城見龍里《しろみりゅうり》は少し困ったように鼻のわきを掻いた。
「俺は、彼と会わないほうがいいだろうね」
「あ……たぶん、まだ」
「『まだ』と言うことは、いつか会わなくちゃいけないのか。父親としては気が進まないな」
城見は笑い、娘のふっくらした顔を見おろした。
「一度だけ、抱きしめてもいいかな環」
「あ、はい」
城見はふわっと、環を抱きしめた。
低い父親の声が聞こえる。
「ありがとう。生まれてきてくれて、本当にありがとう。
君はおれの誇りだ、環」
城見は5秒ほど環を抱きしめていたが、やがてしぶしぶ手を放すと、またジャケットをぱたぱた叩き始めた。

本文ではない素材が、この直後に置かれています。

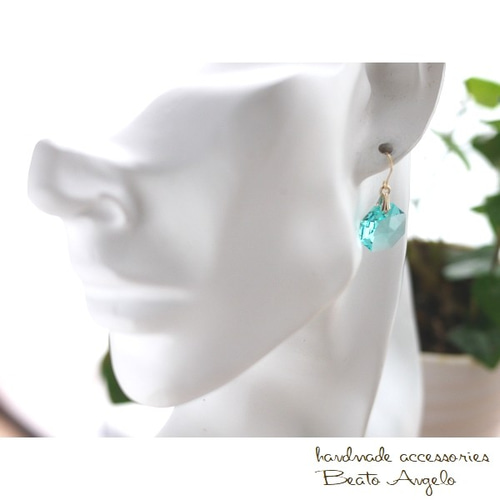スワロフスキー SWAROVSKI Una ピアス アクセサリー 5641169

「どこかのポケットに入れておいたんだが――ああ、これだ」
城見は小さく折りたたんだメモを手わたした。
「連絡してくれ。この番号は直通だ。君のほかには北方《きたかた》しか知らない。
かけてくれ」
「いいんですか、あの」
「いいんだ。時間はいつでもいい。この電話は24時間いつでも必ずとるから――ああ、彼がきみを見つけたみたいだ。すごい勢いで走ってくるよ」
城見は軽《かろ》やかに背を向けて歩きだした。環があわてて叫ぶ。
「あの、白玉《はくぎょく》をお忘れです! これがなければ映画を撮影するときに困るんじゃありませんか?」
城見はあざやかに笑った。
心の底から、幸せそうに笑った。
「いや、俺はもういらない。俺は娘を取り戻した。『白玉環《はくぎょくかん》』は君のものだ。君の父親も、君のものだ、環」
丈《たけ》の長いジャケットをひるがえし、環の父親は去っていった。
左手首には環の母が大切にしていたロレックスがはまっていた。
そこが。
遠い日からずっと、約束されていた場所のように。
フェイスの大きな時計は城見龍里の左手首で正確に動いていた。
かわりに、環の手中には白い玉がある。
父親の伝えきれなかった愛情が形になったような白い玉が、環とともに呼吸をしていた。
コルヌイエホテルの日本庭園では、しずかに、夏の初めの陽光が消えていった。